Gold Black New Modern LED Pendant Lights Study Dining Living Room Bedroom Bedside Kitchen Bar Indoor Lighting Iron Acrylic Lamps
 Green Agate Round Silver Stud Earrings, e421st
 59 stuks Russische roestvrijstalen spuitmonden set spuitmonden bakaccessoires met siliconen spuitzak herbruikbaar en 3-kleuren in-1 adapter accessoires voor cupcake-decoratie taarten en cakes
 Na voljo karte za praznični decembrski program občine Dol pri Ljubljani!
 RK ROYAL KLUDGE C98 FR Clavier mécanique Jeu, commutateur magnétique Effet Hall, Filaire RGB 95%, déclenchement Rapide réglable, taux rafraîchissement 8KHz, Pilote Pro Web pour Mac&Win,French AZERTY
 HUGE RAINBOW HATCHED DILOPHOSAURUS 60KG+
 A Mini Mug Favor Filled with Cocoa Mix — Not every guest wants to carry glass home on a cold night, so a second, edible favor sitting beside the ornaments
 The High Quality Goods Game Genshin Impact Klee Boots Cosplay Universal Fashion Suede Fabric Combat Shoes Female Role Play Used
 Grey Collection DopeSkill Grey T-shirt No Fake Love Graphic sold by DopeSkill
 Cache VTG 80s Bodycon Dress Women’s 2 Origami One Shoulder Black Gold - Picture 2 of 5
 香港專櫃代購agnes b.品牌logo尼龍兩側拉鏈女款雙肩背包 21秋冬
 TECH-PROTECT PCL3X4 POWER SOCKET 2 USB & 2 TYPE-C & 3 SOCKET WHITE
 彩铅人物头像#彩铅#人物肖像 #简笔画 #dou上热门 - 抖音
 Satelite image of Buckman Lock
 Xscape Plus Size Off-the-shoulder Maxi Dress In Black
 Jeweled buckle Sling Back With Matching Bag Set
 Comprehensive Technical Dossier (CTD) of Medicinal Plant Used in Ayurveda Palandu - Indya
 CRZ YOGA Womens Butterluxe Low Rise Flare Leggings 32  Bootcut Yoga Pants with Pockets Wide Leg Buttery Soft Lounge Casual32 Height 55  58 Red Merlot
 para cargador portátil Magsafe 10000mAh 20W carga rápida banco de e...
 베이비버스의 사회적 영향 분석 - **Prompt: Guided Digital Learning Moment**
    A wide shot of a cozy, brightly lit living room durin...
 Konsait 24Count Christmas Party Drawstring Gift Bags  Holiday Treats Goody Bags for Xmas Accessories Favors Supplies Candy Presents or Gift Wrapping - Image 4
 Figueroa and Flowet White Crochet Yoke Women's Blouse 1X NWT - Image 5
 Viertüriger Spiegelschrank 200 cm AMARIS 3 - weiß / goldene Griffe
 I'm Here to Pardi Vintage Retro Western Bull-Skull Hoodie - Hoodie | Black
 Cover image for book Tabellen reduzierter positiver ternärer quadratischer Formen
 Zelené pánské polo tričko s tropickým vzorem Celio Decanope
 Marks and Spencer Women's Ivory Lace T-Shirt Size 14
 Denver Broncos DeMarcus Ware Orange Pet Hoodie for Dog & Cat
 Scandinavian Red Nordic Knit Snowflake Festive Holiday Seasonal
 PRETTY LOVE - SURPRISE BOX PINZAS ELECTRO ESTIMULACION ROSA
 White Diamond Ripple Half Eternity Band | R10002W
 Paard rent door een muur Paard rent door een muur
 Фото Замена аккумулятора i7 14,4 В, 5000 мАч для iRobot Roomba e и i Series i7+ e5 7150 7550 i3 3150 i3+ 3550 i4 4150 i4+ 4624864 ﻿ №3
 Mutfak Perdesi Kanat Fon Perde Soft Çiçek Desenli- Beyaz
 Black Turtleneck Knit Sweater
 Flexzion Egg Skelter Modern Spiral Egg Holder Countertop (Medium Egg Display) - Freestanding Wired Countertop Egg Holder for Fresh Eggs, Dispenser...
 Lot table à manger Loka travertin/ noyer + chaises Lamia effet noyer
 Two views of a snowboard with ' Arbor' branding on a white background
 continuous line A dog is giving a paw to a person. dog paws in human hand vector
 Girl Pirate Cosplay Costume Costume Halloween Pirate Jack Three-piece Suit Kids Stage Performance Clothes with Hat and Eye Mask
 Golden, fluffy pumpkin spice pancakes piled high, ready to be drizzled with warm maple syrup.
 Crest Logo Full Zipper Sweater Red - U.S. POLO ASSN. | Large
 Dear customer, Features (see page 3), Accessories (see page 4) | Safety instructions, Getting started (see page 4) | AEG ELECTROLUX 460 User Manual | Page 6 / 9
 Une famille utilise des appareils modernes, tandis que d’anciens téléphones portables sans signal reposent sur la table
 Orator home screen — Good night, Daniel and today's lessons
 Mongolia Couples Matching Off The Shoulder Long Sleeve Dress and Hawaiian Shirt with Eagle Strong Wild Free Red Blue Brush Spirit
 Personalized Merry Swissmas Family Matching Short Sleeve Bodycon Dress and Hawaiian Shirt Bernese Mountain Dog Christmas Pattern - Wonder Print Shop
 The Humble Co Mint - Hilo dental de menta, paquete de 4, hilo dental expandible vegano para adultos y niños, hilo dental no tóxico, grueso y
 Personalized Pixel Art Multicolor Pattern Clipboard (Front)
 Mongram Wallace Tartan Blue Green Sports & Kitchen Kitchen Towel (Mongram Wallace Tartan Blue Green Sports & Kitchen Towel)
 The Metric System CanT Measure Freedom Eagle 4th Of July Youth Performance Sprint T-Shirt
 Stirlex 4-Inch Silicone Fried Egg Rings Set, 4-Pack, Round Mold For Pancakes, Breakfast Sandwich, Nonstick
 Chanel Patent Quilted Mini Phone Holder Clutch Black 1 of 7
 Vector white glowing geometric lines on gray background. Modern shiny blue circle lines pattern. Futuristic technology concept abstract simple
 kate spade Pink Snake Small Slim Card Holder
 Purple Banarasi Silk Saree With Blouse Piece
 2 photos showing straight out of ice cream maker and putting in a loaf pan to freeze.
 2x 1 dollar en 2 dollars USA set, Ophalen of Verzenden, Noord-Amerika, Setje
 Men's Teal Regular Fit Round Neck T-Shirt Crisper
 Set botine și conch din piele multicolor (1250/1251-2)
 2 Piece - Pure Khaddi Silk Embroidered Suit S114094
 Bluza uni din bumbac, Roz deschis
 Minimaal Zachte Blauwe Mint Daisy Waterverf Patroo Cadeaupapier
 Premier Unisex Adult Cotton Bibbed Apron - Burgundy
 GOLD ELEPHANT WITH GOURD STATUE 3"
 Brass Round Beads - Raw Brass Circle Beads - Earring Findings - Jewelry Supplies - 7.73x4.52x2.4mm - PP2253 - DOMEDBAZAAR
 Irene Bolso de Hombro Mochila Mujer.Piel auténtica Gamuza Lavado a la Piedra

◆ **Work item**
As you read the records above, find each line that contains "Supplies" and copy it.

◆ **Written answer**
 Konsait 24Count Christmas Party Drawstring Gift Bags  Holiday Treats Goody Bags for Xmas Accessories Favors Supplies Candy Presents or Gift Wrapping - Image 4
 Brass Round Beads - Raw Brass Circle Beads - Earring Findings - Jewelry Supplies - 7.73x4.52x2.4mm - PP2253 - DOMEDBAZAAR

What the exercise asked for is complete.